Note. As a machine learning engineering, consider to follow a 20/80 rule when it comes to time budget: spend 20% time to get initial working system, 80% on iterative development. When building an end-to-end machine learning pipeline, you will discover hidden bugs or issues that are not obvious when you focus on modeling.

"The final goal of all industrial machine learning (ML) projects is to develop ML products and rapidly bring them into production."

Fun fact

Acknowledgement & Reference

This assignment is adapted from Deploying and Hosting a Machine Learning Model with FastAPI and Heroku
To learn about API in general, Postman Learning Center is a good starting point.
Machine Learning Operations (MLOps): Overview, Definition, and Architecture (July 2022)

Algorithm Understanding

How does the Prophet Algorithm differ from an LSTM?

Prophet is a time series forecasting algorithm that is based on an additive model where non-linear trends are fit with yearly, weekly, and daily seasonality, plus holiday effects. It works best with time series that have strong seasonal effects and several seasons of historical data. Prophet is robust to missing data and shifts in the trend, and typically handles outliers well. LSTM on the other hand is a type of recurrent neural network that is used in deep learning.
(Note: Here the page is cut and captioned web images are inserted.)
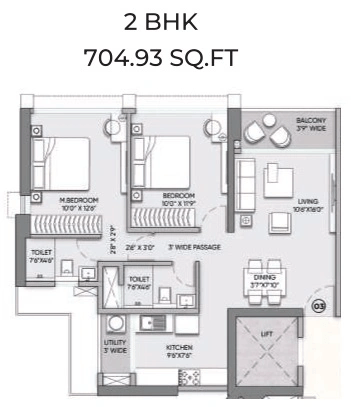 Raymond The Address by GS Wadala Unit plan - 704 sq.ft.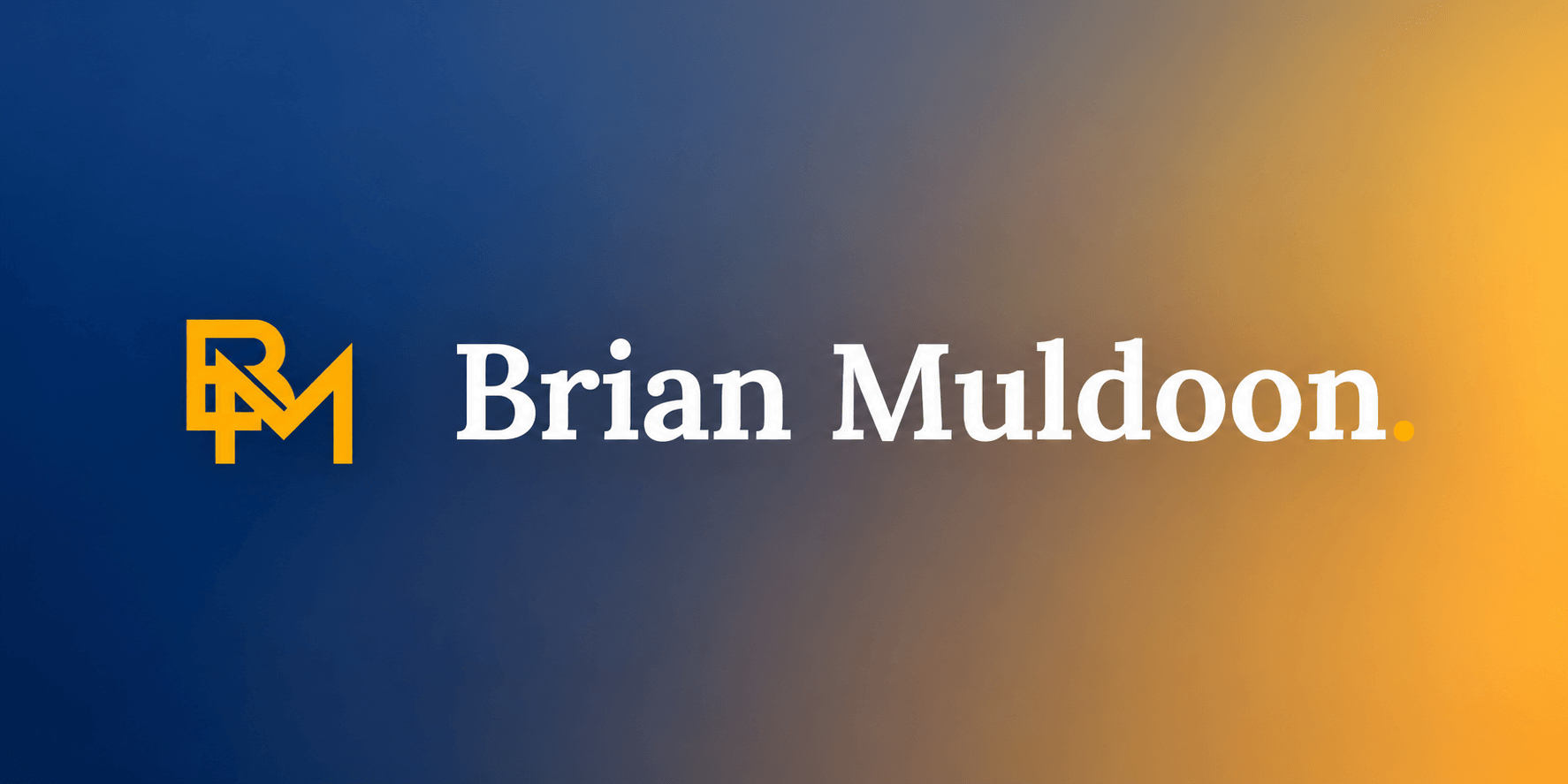 Logo featuring initials RM and the name Brian Muldoon on a gradient background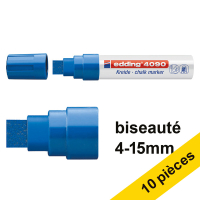Offre : 10x Edding 4090 marqueur craie liquide (4 - 15 mm) - bleu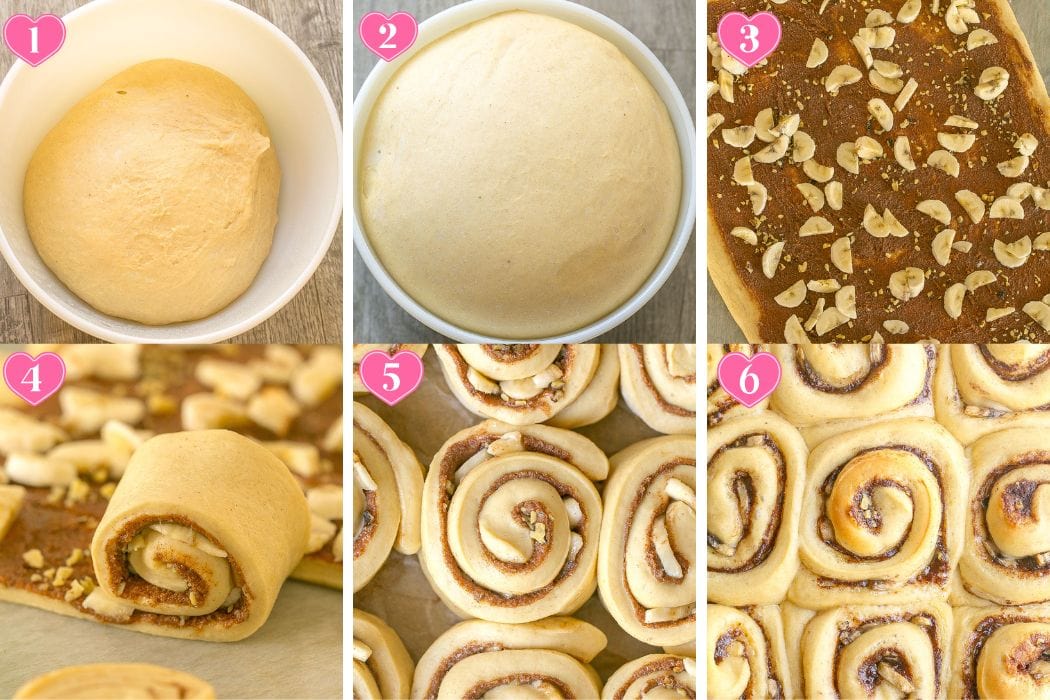 How to make banana cinnamon rolls from scratch, process steps.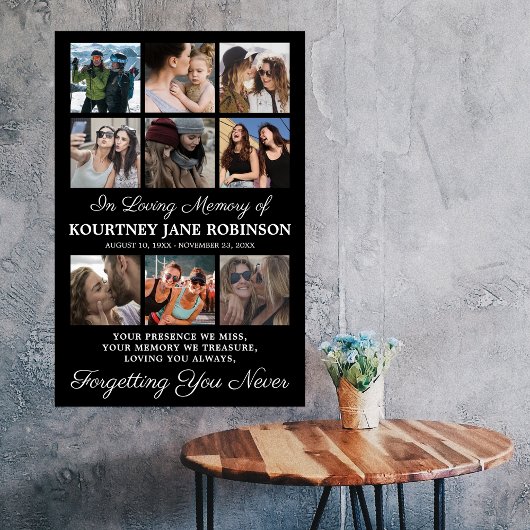 追悼9枚写真コラージュ ポスター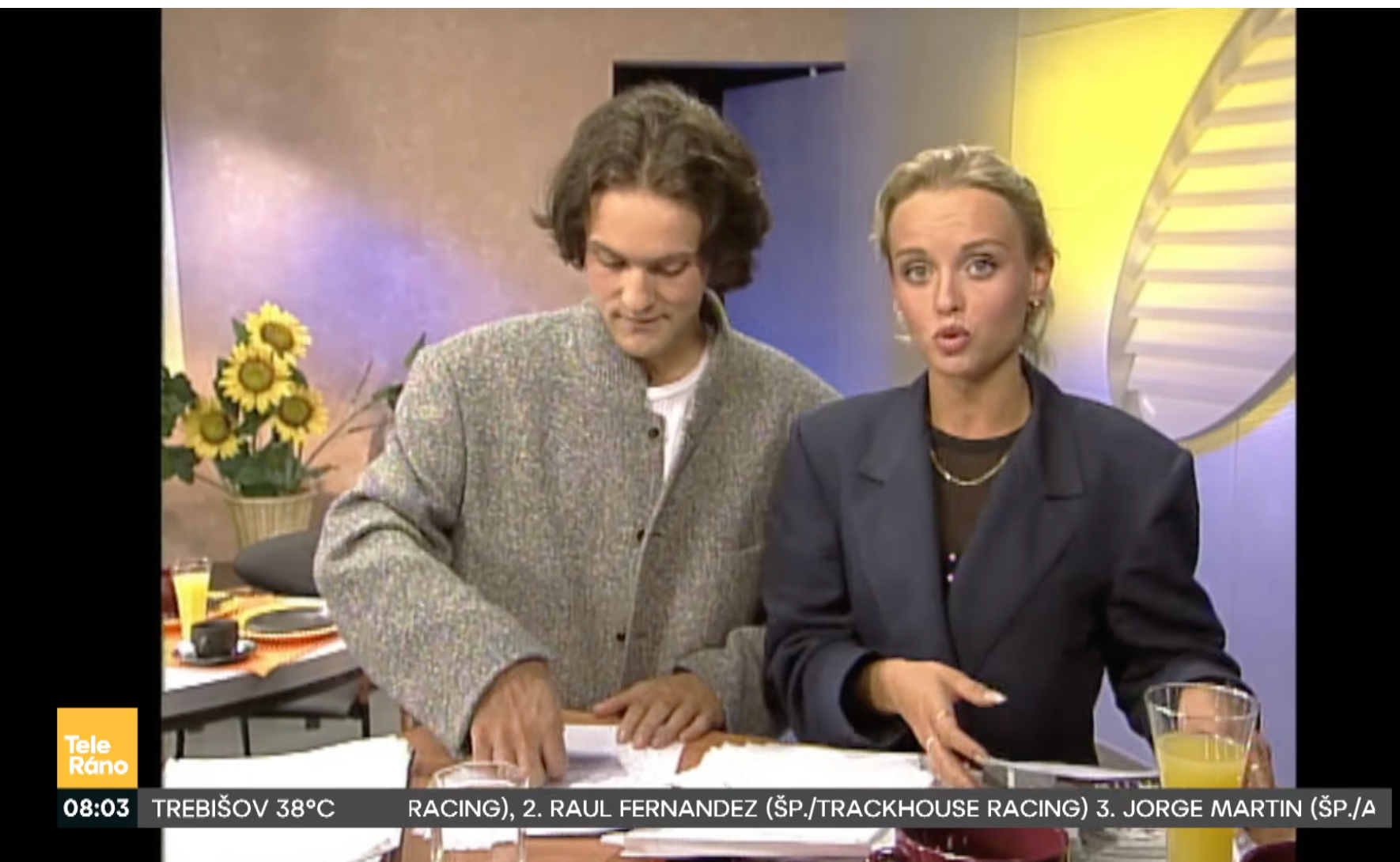 Archívny záber moderátorky Kvetky Horváthovej v Teleráne.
It is a type of neural network that is trained using backpropagation through time and overcomes the vanishing gradient problem.

Why does an LSTM have poor performance against ARIMA and Profit for Time Series?

Likely because Prophet is an additive model whereas LSTM is a neural network using back propagation. Although according to some research (https://www.researchgate.net/publication/330477082_A_Comparison_of_ARIMA_and_LSTM_in_Forecasting_Time_Series), LSTM can outperform ARIMA in some time series cases.

Interview Readiness

What is exponential smoothing and why is it used in Time Series Forecasting?

Exponential Smoothing Methods is a family of forecasting models. They use weighted averages of past observations to forecast new values. The idea is to give more importance to recent values in the series. Thus, as observations get older in time, the importance of these values get exponentially smaller.

Exponential Smoothing Methods combine Error, Trend, and Seasonal components in a smoothing calculation. Each term can be combined either additively, multiplicatively, or be left out of the model. These three terms (Error, Trend, and Season) are referred to as ETS.

What is stationarity? What is seasonality? Why Is Stationarity Important in Time Series Forecasting?

Stationarity is a property of a time series in which the statistical properties such as mean, variance, autocorrelation, etc. are all constant over time. A stationary time series is easier to model and forecast.

Seasonality is a pattern that repeats itself over a fixed period of time. For example, the number of sales of a product is likely to be higher during the holiday season. Seasonality is important in time series forecasting because it helps us to understand the pattern of the data and to forecast future values.

Stationarity is an important concept in the field of time series analysis as it has tremendous influence on how the data is perceived and predicted.

How is seasonality different from cyclicality?

Seasonality is a pattern that repeats itself over a fixed period of time. Cyclicity is a pattern that repeats itself over an irregular period of time. Cyclical behavior can drift over time because the time between periods isn't precise. For example, the stock market tends to cycle between periods of high and low values, but there is no set amount of time between those fluctuations.

Fill in the blanks:

Seasonality is predictable, whereas Cyclicity is not.